The new minigrid provides power to local residents who had been living on just a few hours of unstable electricity that came and went as inconsistently as the weather. To solve the situation, a new solar plus storage plus diesel solution was installed that provides stable power to residents 24 hours a day, 7 days per week for the first time ever.
The system leverages a 2 megawatt (MW) photovoltaic solar installation and a 1.8 MW / 1.5 MWh Tesla Powerpack installation. The solar installation provides the bulk of the electricity required to supply the needs of residents, and the Tesla Powerpack installation stores up excess daytime solar production which can be used through the night.
Three diesel generators with a combined capacity of 1,260 kilowatts (kW) was added to provide supplemental power during peak usage over the evening hours and to offset the seasonality of the solar generating system.
The installation highlights how relatively simple it is for those islanded from existing electricity supply networks to install a microgrid, minigrid, or full-blown grid of their own, built on a foundation of currently available solar and storage solutions. Importantly, the installation was justified and funded without subsidies, demonstrating how competitive and practical solar plus storage installations are, even in rural regions.
The new system in Paluan is effectively a smaller version of what Tesla installed in Samoa, with its Tesla Grid Controller taking over to manage the balance of the solar generation, energy storage, and hydroelectric storage on the island. No overpaid, overcomplicated, high priced, centralized, polluting power plant needed. This is the manifestation of a paradigm that has shifted, as is now being rolled out around the world as established business leaders pivot towards the next generation of energy generation and storage solutions.
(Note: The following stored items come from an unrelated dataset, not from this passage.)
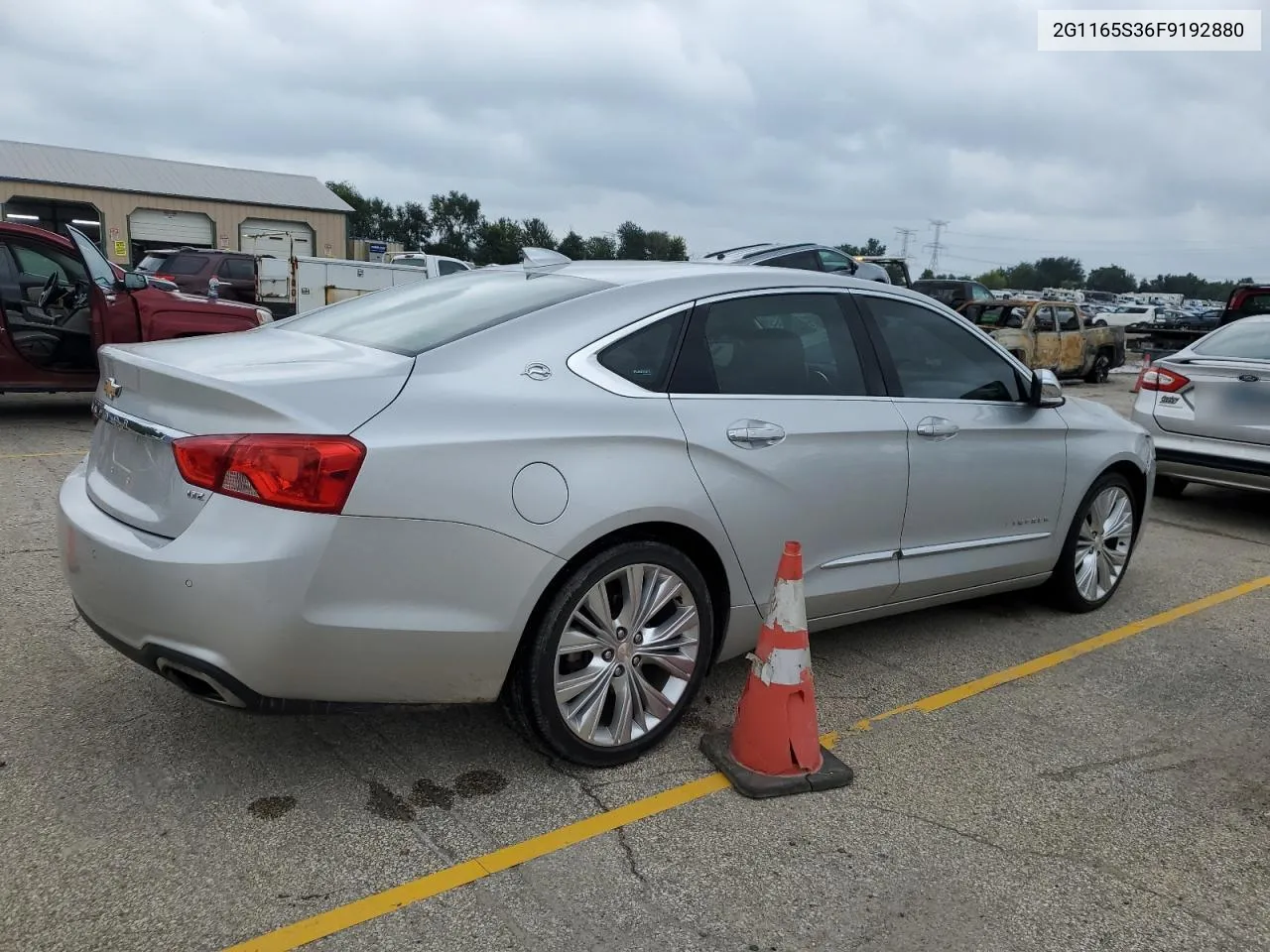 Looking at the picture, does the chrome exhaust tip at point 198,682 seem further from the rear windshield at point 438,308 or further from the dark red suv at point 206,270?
the dark red suv at point 206,270

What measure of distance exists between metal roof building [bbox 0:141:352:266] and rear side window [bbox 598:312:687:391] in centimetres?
3925

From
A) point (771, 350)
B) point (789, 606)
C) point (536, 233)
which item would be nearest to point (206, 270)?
point (771, 350)

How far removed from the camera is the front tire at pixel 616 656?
9.77 ft

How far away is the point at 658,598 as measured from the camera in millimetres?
3195

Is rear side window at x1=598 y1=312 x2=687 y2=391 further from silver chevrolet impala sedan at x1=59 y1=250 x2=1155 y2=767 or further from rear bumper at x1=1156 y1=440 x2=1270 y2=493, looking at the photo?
rear bumper at x1=1156 y1=440 x2=1270 y2=493

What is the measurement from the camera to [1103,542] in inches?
201

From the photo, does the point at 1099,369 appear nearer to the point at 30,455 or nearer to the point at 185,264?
the point at 30,455

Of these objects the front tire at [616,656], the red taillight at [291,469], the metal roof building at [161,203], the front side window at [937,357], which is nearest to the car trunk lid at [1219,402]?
the front side window at [937,357]

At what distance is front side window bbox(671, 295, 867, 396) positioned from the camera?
11.3 feet

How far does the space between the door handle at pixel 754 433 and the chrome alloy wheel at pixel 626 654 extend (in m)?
0.52

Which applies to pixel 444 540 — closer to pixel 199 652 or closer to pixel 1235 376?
pixel 199 652

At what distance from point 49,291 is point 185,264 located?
47.6 feet

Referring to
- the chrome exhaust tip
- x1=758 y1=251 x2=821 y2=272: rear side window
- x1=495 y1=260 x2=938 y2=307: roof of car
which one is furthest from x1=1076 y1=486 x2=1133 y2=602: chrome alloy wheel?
x1=758 y1=251 x2=821 y2=272: rear side window

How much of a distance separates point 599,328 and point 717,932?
71.1 inches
The system was installed by a local solar company, Solar Para Sa Bayan (SPSB), which translates to ‘Solar for the country’. The company currently supplies power to nearly 3,000 customers on the island of Paluan, while delivering significant reductions in the cost of electricity at the same time.
The new installations are being led by the head honcho at Solar Philippines, Leandro Leviste, who also runs the first solar PV module manufacturing facility in the country. His bullish move into solar, including microgrid and minigrid installations, is making waves as he disrupts not only the entrenched electric utilities, but also the growing solar industry with his low prices and diverse set of solutions.
The market is ripe for disruption, with more than 30 million Filipinos who live without reliable access to electricity. The island nature of the nation and rugged mountainous terrain makes the prospect of local energy generation and storage installations more lucrative as the cost of tapping into centralized electrical grids puts them out of reach for most of the unserved or underserved in the country.
“The problem of the global microgrid industry is that it has limited itself to subsidized projects, which are limited by the imagination of policymakers,” says Leviste. “The only way to make microgrids scale today is to be willing to do unsubsidised, even initially loss-making projects, banking on both growth in demand and decrease in PV-storage costs to turn a profit over time. We’re betting our customers in Asia and Africa will one day have standards of living, and thus consumption, at even a fraction of what households in the US and Europe have today, and that our microgrids can help them reach that point sooner, so we’re effectively in the business of ending poverty.”
His end to end vision that connects the business side of the solar microgrid and minigrid world with the energy poverty it has the potential to alleviate or eliminate identifies him as a new generation of leader. Leviste clearly sees not only the potential of today’s current and future solar plus storage technologies, he is also actively building a company that leverages those solutions to bring about real change for Filipinos across the country.